The capabilities and characteristics of the materials are integral to that process. But I wonder if they are more integral to the very focused and purposeful work of someone like Stephen Shore, then they are of someone like me
This is certainly an important part of what Shore is talking about. I've experienced it quite often in 120, going from the square format to 6x7. But as I've been struggling with the square recently, and after reading your comment as well as pondering over the Stephen Shore quote, I'm starting to think that, for me at least, it's less a question of me seeing (or looking?) differently when changing formats, but rather not having taken the time to learn to see how the square format sees differently.
The difference—one looking differently with a different camera vs one seeing as the camera sees—is subtle, and probably akin to some to trying to figure out the sex of angels, but I find it worth looking into (pun intended).
I does remind me that I only recently noticed that in one of Robert Adams' books in his Denver series (can't remember which), all the interior shots are in 6x6 and all the exterior shots are what seems to be 6x7 (or maybe 4x5).

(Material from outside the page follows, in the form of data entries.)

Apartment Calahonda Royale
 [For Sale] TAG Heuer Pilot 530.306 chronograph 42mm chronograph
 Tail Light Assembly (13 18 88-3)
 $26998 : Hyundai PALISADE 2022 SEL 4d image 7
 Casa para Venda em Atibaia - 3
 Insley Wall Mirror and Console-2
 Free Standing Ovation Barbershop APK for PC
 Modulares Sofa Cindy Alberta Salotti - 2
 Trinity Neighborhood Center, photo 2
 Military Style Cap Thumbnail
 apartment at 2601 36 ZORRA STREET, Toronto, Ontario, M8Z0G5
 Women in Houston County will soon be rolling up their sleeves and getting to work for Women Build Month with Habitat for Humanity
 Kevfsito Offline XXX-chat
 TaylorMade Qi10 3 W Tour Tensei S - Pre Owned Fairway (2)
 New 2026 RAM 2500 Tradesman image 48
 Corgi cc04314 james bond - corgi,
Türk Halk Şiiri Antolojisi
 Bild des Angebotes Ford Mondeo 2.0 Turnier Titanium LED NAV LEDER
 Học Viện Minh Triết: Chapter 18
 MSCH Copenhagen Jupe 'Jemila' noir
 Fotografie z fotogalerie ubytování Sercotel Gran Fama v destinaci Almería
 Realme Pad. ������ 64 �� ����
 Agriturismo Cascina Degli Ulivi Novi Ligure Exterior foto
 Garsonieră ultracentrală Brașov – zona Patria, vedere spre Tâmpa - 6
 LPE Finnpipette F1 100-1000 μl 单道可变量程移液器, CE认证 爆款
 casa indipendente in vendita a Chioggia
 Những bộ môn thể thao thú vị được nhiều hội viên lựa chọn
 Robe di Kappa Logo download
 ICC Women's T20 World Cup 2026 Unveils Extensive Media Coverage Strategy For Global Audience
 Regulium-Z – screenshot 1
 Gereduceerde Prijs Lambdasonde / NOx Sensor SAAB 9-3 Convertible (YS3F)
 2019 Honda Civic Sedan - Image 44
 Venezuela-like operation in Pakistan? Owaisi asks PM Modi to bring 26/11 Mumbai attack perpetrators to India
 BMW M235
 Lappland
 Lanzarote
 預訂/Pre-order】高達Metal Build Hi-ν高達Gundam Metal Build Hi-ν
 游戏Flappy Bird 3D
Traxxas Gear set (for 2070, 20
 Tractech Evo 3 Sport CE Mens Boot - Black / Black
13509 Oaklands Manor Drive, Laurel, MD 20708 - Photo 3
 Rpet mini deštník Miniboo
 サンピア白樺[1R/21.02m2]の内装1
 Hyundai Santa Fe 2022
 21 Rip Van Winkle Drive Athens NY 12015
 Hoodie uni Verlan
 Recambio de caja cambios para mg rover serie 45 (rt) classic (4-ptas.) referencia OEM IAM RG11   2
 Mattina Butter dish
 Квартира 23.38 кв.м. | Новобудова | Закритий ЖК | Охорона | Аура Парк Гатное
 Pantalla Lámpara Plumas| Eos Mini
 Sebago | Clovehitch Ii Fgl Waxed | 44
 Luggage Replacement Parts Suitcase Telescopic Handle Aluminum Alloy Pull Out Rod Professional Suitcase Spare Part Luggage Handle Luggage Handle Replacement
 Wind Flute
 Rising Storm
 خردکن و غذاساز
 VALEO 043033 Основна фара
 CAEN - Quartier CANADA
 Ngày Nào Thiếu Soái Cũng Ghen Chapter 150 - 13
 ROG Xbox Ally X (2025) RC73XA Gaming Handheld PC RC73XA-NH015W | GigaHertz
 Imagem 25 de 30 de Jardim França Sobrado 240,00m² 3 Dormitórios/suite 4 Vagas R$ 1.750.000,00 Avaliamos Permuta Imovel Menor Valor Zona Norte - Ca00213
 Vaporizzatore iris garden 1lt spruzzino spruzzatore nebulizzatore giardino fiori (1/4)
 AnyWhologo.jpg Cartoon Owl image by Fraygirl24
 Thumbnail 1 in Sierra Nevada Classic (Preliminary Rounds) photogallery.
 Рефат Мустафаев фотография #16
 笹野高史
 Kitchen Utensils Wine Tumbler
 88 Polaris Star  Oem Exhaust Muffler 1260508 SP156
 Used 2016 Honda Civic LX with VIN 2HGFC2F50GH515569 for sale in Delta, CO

At first, I thought it was just a matter of convenience, i.e., the Rolleiflex being easier to carry indoors than the other format, but there might be something more to it.
The Fan Ho is magnificent. As a photo book collector, I've been wanting to have one of his in my shelves for a while.
I think seeing with aspect ratio is probably easier than seeing with film and paper in mind, because the camera gives you a literal window to look through in a certain aspect ratio, and you can quickly adjust to it as needed.
But there was a major mental movement when I realized the simple fact that I was photographing light as my subject.
"I learned to literally see, when taking pictures, not just in black and white, but like the film/developer/paper combination I was using."
in terms of a mastery of tools and material, it is an apt description of what everyone experiences once they have picked up a real ability to use a tool on a material. That is, what he's talking about had more to do with a practice than anything conceptual or theoretical.
@Vaughn : I've read this from you a couple of times in here. I'm curious: did this come suddenly, as a sort of epiphany, during an photographic outing—looking at a subject with the sudden realization that you are actually looking at light—, or is it the fruit of a longer, reflective process?
One of the moments of realization was while printing a 4x5 negative (making a 16x20). The scene was a close-up of diffused light falling on a bush. Before I started printing the image, it was just a bush with some nice light on it..by the end of the printing session it was an image of ther light reflecting off a bush. It was the realization that when I walk under the redwoods for hours with the cameras, I am looking at pools of light creating their own forms in the landscape -- and when I was composing in my mind and on the GG, it was these forms that were driving the composition...not just the features (redwoods, streams, etc) reflecting the light.
So it was a realization of what I was doing all along (what I like to call a delayed intelligence) -- rather than a decision to start photographing a certain way.